Accessibility Is No Longer Optional

By June 2025, the European Accessibility Act (EAA) will take full effect, transforming digital accessibility from a “nice-to-have” into a legal and business-critical requirement across the EU.

If you operate in the European market and offer digital products or services—whether you’re selling online, providing financial tools, running a ticketing platform, or something in between—this regulation will impact you.

But more importantly, accessibility isn’t just about compliance. It’s about building better experiences for more people. It’s about relevance, usability, and long-term value.

And yet, navigating the EAA can feel daunting. What needs to change? How do you get it right without starting over? And how can you make sure your updates are genuinely usable—not just legally compliant?
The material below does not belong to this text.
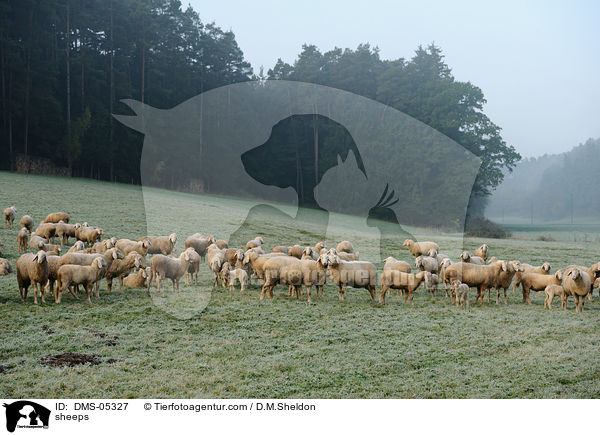 Schafe / sheeps / DMS-05327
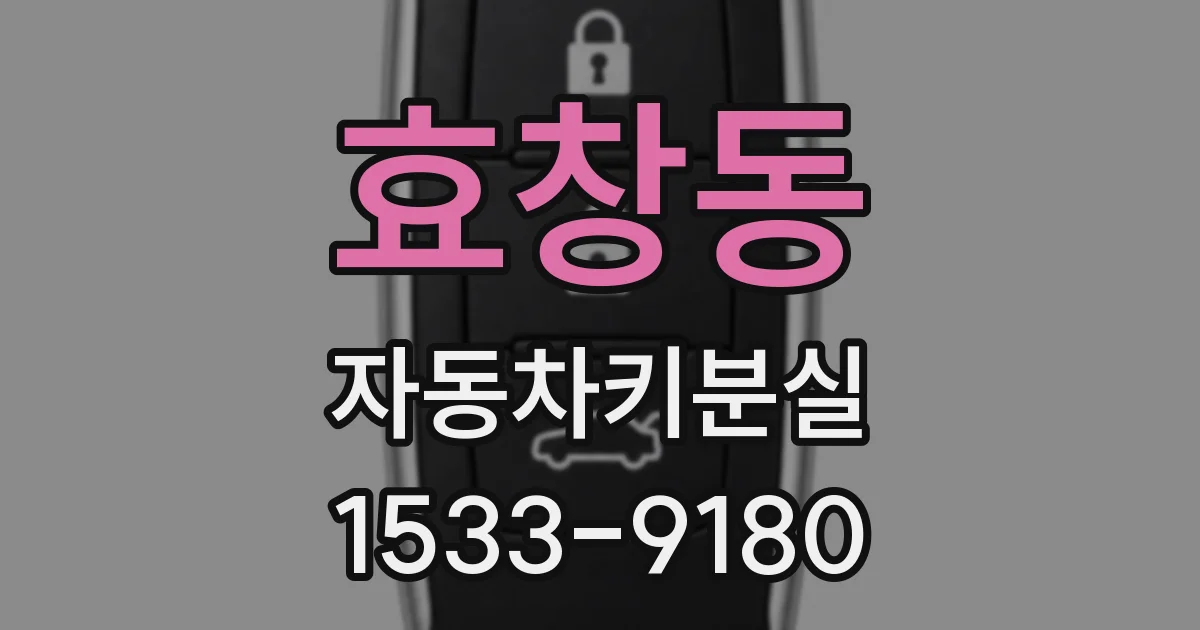 효창동 자동차키분실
This guide breaks it all down in plain language—what the EAA means, who it applies to, what compliance looks like in the real world, and what support your business might need in preparing for the transition.

What Is the European Accessibility Act?

The EAA is an EU directive created to ensure that key products and services are accessible to people with disabilities across the Union. It draws from the Web Content Accessibility Guidelines (WCAG 2.1) and is part of a broader move to harmonise accessibility standards across EU member states.

Who Needs to Comply?

The EAA applies to most companies that offer digital products or services in the EU. This includes:

  • E-commerce businesses
  • Banks and fintech services
  • Public transport and ticketing providers
  • Publishers of eBooks
  • Telecommunication and messaging platforms
  • Companies offering self-service terminals (e.g. ATMs, payment kiosks)

While microenterprises (fewer than 10 employees and less than €2 million in turnover) are currently exempt, the direction of travel is clear. Even exempt businesses may face pressure from partners, customers, or procurement processes to comply.

Why This Matters for Your Business

More than 100 million Europeans live with some form of disability. That’s 1 in 4 people. And the number is only growing as the population ages.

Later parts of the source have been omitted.